Os funcionários da USP também seriam afetados pela perda de autonomia. Reinaldo de Souza acredita que, “ao rompê-la, os funcionários teriam que se reportar ao governo do estado, o que tornaria muito mais difícil a luta imediata por melhorias de condições de trabalho”.

Apesar do momento de pandemia dificultar muito a realização de protestos efetivos contra o projeto de lei, no dia 4 de setembro, a pressão da comunidade acadêmica, do Cruesp, de sindicatos e de movimentos sociais fez a Alesp recuar. A promessa atual é adicionar uma emenda ao projeto de lei, tornando a devolução obrigatória apenas para o ano de 2019. O Cruesp, por sua vez, ainda tenta negociar por uma exclusão total das universidades e da Fapesp do artigo 14.

A oposição para além do artigo 14

Mesmo com a promessa de atenuação do artigo 14, o conflito ao redor do projeto de lei 529/02 ainda não acabou. Mesmo que os outros artigos não afetem diretamente as contas ou a autonomia da Universidade, eles ainda representam um ataque aos serviços e ao funcionalismo público, seja pela extinção de institutos ou pela precarização de seu trabalho de maneira geral.

Porém, o foco das negociações da Reitoria da USP tem sido no artigo 14, evitando uma oposição ao projeto como um todo. Está é uma das preocupações do Sintusp, que tenta organizar-se para combater o projeto de lei como um todo. Seu diretor, Reinaldo de Souza acredita que esse posicionamento é contra produtivo: “Essas manifestações da Universidade não tocam no problema de fundo, que é um ataque aos serviços públicos. Com isso, a Universidade se isola dos setores sociais que também são afetados”. A consequência disso seria um distanciamento ainda maior entre a USP e o resto da sociedade. “Essa posição corporativista dificulta uma luta unificada. Se cada um lutar somente para tirar o que o afeta do projeto, ninguém tira nada no final”.

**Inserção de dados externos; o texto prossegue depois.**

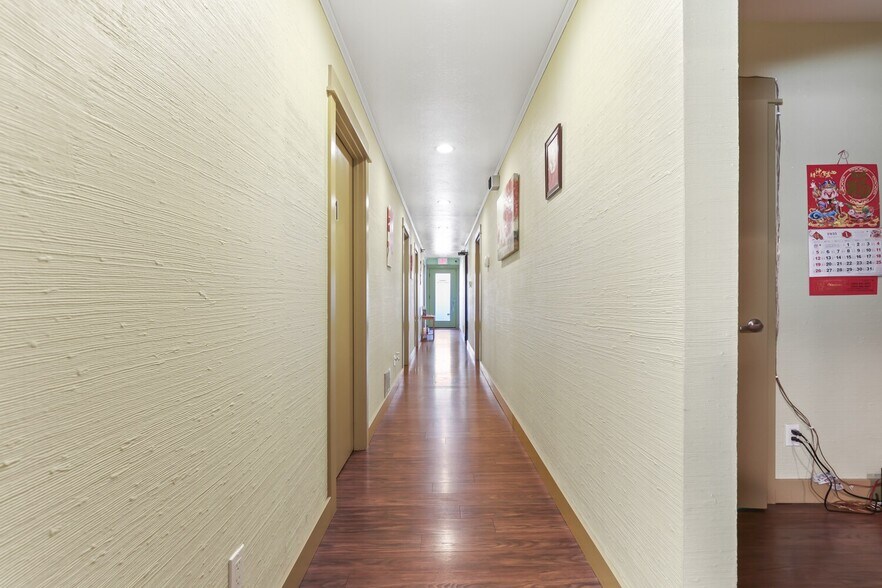 More Photos Of 4180 SW 110th Ave, Beaverton Healthcare For Lease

“A Universidade não é uma ilha”, afirma Bruno Ribeiro. Ao opor somente às partes do projeto que a afetam, a USP abandona potenciais aliados. E, segundo ele, ter aliados é essencial, “não só para garantir que esse projeto seja derrubado, mas para que não venham outros desse respaldo no futuro”.

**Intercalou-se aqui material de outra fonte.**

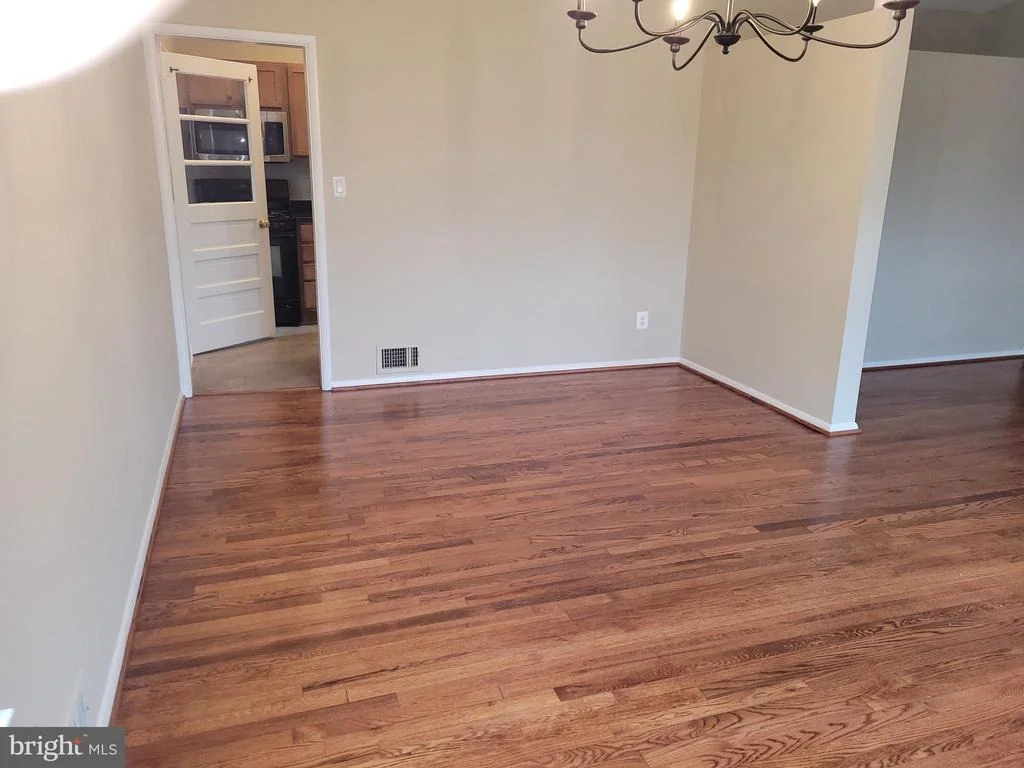 Photo of 6805 PIMLICO DRIVE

A USP, como universidade pública, deve mostrar sua importância e seu trabalho para a sociedade. Construir uma relação com a comunidade além de seus muros é essencial para que a população entenda o papel social que ela desempenha e defenda-a de ataques como este daqui adiante. Ela deve mostrar-se presente, para poder continuar presente.